- [MATERIAL PROVIDED]
= = = = = = =

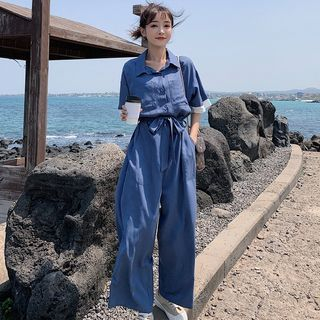 Jinyo - Short-Sleeve Wide-Leg Jumpsuit | YesStyle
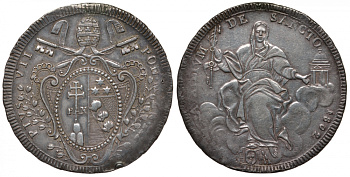 Ватикан, Папская область 1 скудо 1802 R, III год, Пий VII (1800-1823), KM 1249 (C119), Gig 22, Berman 3220 серебро 00-000-00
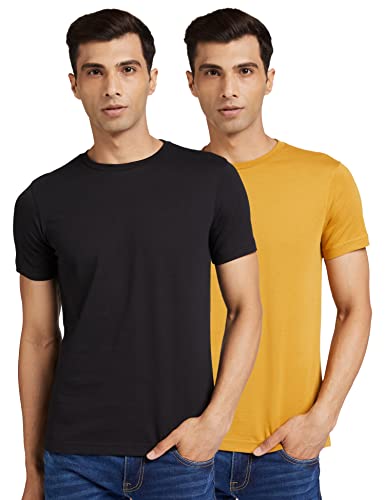 Image of Amazon Brand - Symbol Men's Solid Cotton T Shirt | Round Neck | Half Sleeve | Plain | Combo Pack of 2-Regular Fit (Available in Plus Sizes)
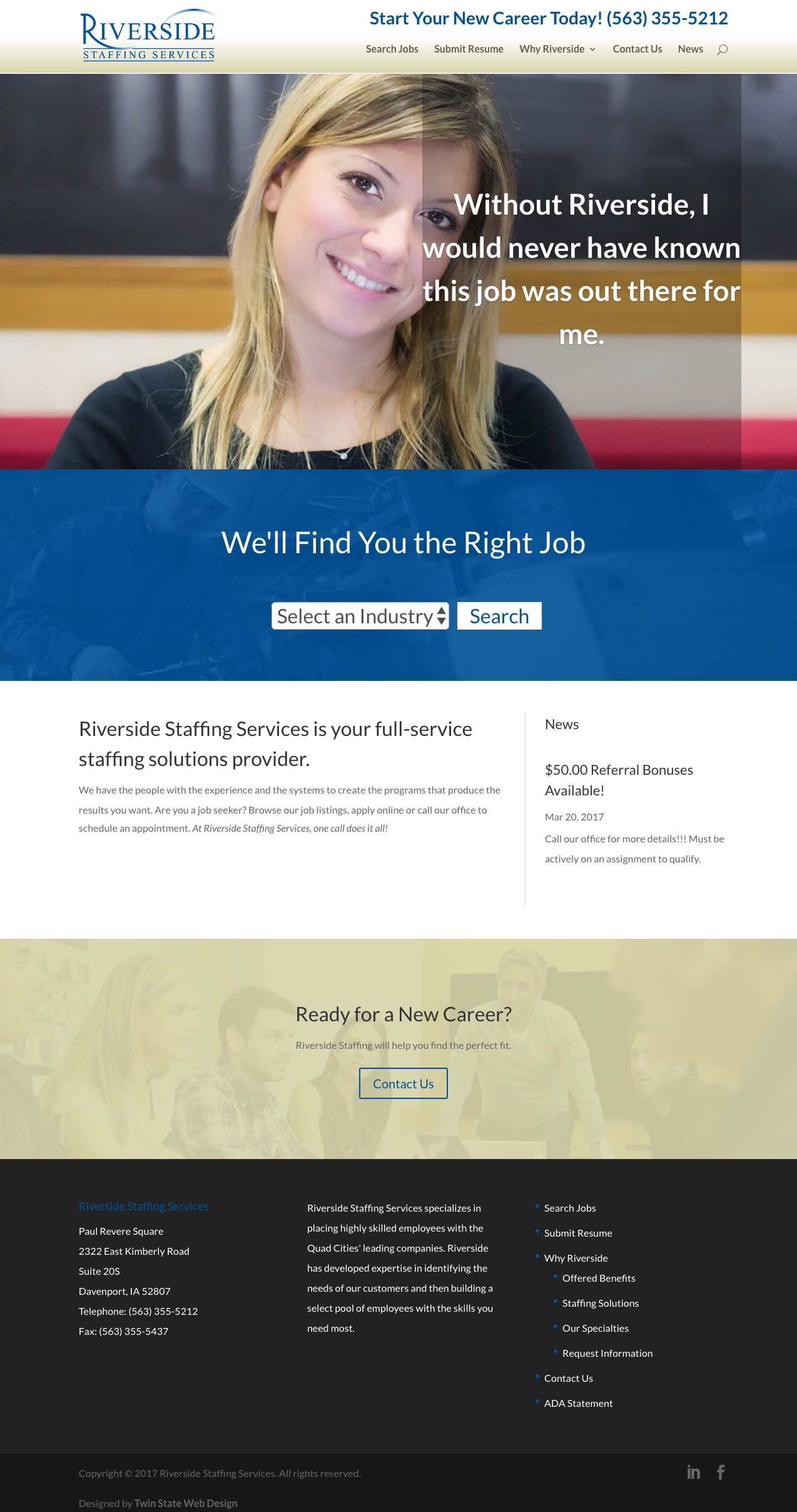 Riverside Staffing homepage screenshot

= = = = = = =

- [PROBLEM TO SOLVE]
Print every line of the material above exactly as it reads, skipping the pictures.

- [RESULT]
 Jinyo - Short-Sleeve Wide-Leg Jumpsuit | YesStyle
 Ватикан, Папская область 1 скудо 1802 R, III год, Пий VII (1800-1823), KM 1249 (C119), Gig 22, Berman 3220 серебро 00-000-00
 Image of Amazon Brand - Symbol Men's Solid Cotton T Shirt | Round Neck | Half Sleeve | Plain | Combo Pack of 2-Regular Fit (Available in Plus Sizes)
 Riverside Staffing homepage screenshot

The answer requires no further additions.